Dorothee Soelle’s Radical Political Evensong Credo October 16, 2019

CREDO (from Political Evensong)

I believe in God

who created the world not ready made
like a thing that must forever stay what it is
who does not govern according to eternal laws
that have perpetual validity
nor according to natural orders
of poor and rich,
experts and ignoramuses,
people who dominate and people subjected.
I believe in God
who desires the counter-argument of the living
and the alteration of every condition
through our work
through our politics.

I believe in Jesus Christ
who was right when he
“as an individual who can’t do anything”
just like us
worked to alter every condition
and came to grief in so doing
Looking to him I discern
how our intelligence is crippled,
our imagination suffocates,
and our exertion is in vain
because we do not live as he did

Every day I am afraid
that he died for nothing
because he is buried in our churches,
because we have betrayed his revolution
in our obedience to and fear
of the authorities.
I believe in Jesus Christ
who is resurrected into our life
so that we shall be free
from prejudice and presumptuousness
from fear and hate
and push his revolution onward
and toward his reign

I believe in the Spirit
who came into the world with Jesus,
in the communion of all peoples
and our responsibility for what will become of our earth:
a valley of tears, hunger, and violence
or the city of God.
I believe in the just peace
that can be created,
in the possibility of meaningful life
for all humankind,
in the future of this world of God. Amen

As I’ve been preparing the second installment here in a series on political theology, I’ve been reading about Dorothee Soelle’s Political Evensong movement in Cologne’s St Anthony’s Church in the 60s and 70s. This credo is from that period.

These services packed the church. 1000s would attend. However, her leadership and her poetry came at professional cost. In 1972 her professorship at the University of Mainz was not renewed. Many excuses were offered, including a declaration that this credo was “heretical.”

Even the theologian Ernst Käsemann, more to the left and sympathetic of her views, even at one point asked (although he tried to protect her professorship): “Does she really have to make a public statement on every injustice, mobilizing people to action everywhere she goes?”

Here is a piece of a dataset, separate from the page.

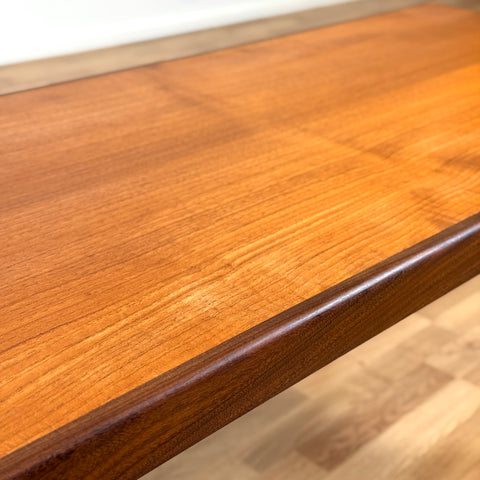 Coffee table in teak, 1950s-60s, Denmark - Beyo Vintage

And then there was this statement, broadcast on the German television network Südwestfunk:

“Frau Soelle reminds us of the task assigned to us by the Gospel that Christiasn are to be advocates of those human beings who cannot speak themselves or assert themselves: because they are handcuffed by the pressures of work, because they are afraid of losing their job, because the coercion to achieve and produce robs them of their humanity, of their imagination. Frau Soelle shows us that Christians must take sides with the lowly, with ordinary people. The real reasons for Frau Soelle’s termination are being suppressed. They are political: Frau Soelle is too leftist. They are theological: Frau Soelle is critical of the perception of God in which God lords it over human beings, beats and chastises them. She says that is a god the powerful wish for. I find her rejection [from her faculty position] scandalous. What must be said here loudly and clearly is being obstructed–but not by the students. It is conservative professors who are doing this.”

Last two quotes excerpted from Renate Wind’s biography, Dorothee Soelle: Mystic and Rebel.